Work task:
Make an exact copy, from the records below, of the lines from the line containing "Pessoa a hidratar a mão" to the line containing "Mercedes C 220", both lines included, excluding pictures.

Records provided:
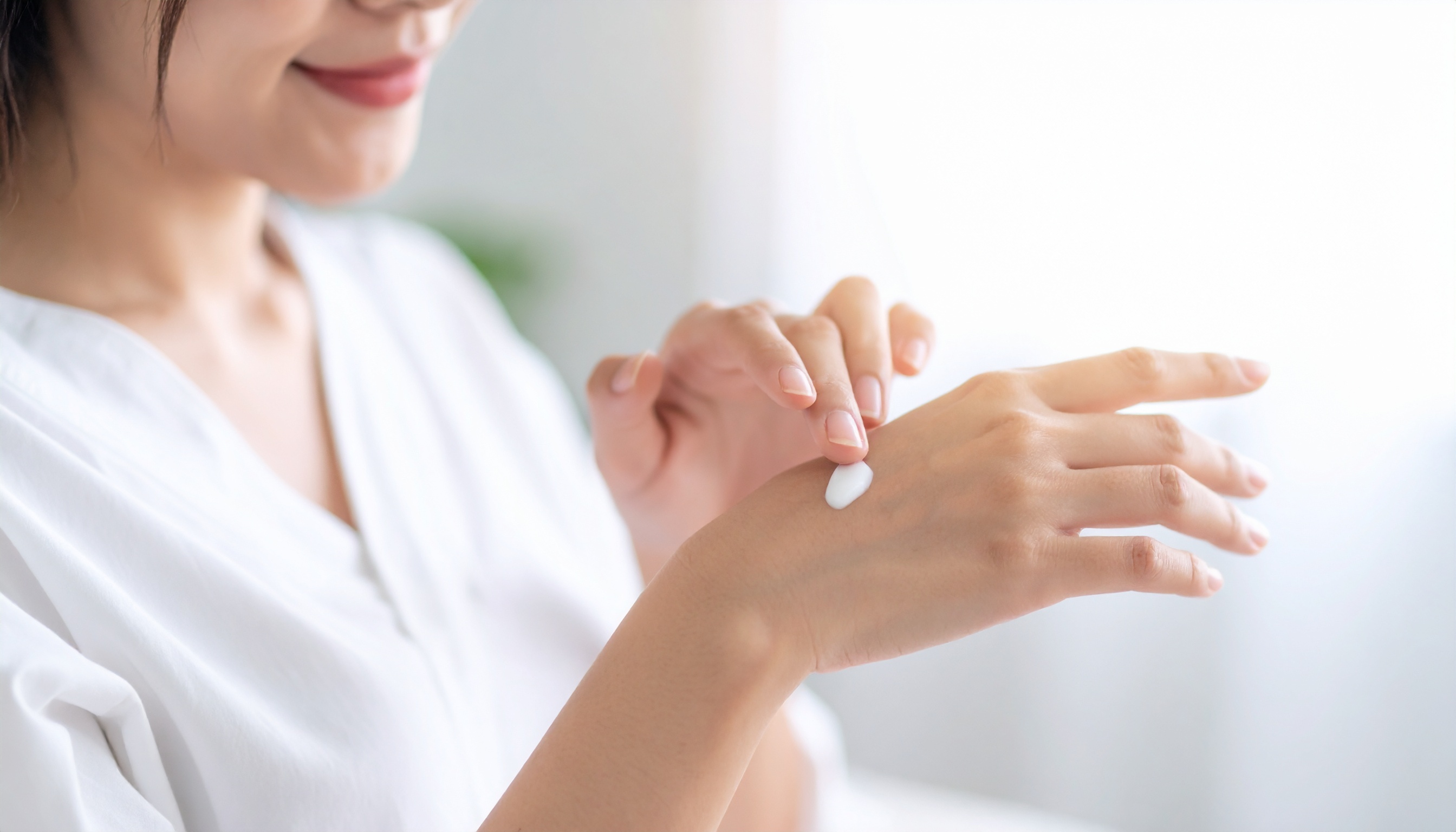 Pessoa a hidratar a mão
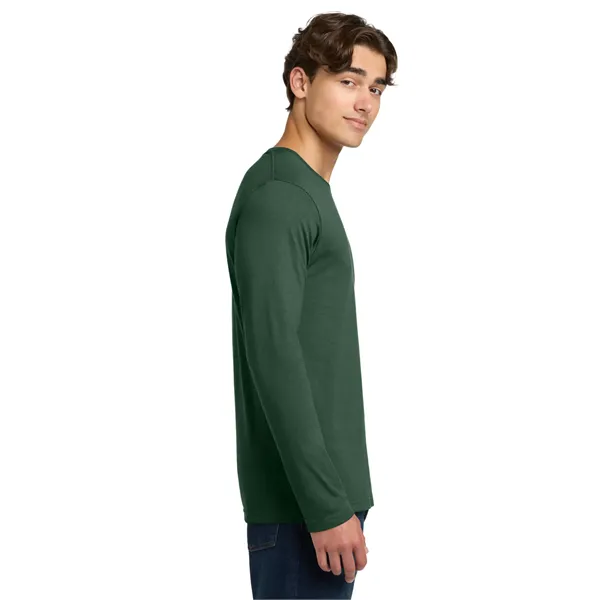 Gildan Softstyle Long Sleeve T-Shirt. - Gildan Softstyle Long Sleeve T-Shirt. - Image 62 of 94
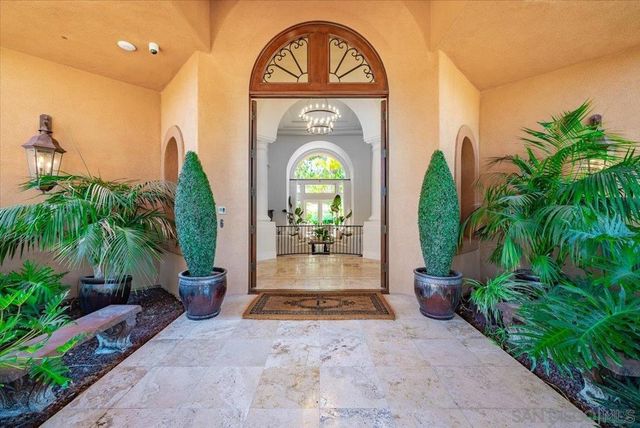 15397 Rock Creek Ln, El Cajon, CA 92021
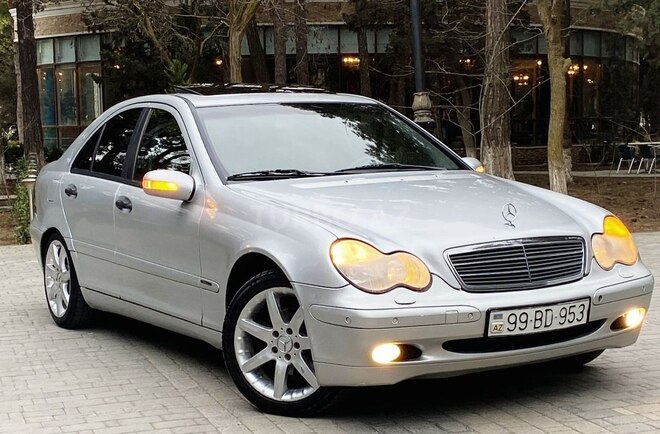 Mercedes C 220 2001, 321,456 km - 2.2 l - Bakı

---

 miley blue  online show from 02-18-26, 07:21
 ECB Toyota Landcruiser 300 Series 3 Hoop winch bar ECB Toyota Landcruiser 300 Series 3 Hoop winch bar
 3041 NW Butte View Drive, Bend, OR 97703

Response below:
 Pessoa a hidratar a mão
 Gildan Softstyle Long Sleeve T-Shirt. - Gildan Softstyle Long Sleeve T-Shirt. - Image 62 of 94
 15397 Rock Creek Ln, El Cajon, CA 92021
 Mercedes C 220 2001, 321,456 km - 2.2 l - Bakı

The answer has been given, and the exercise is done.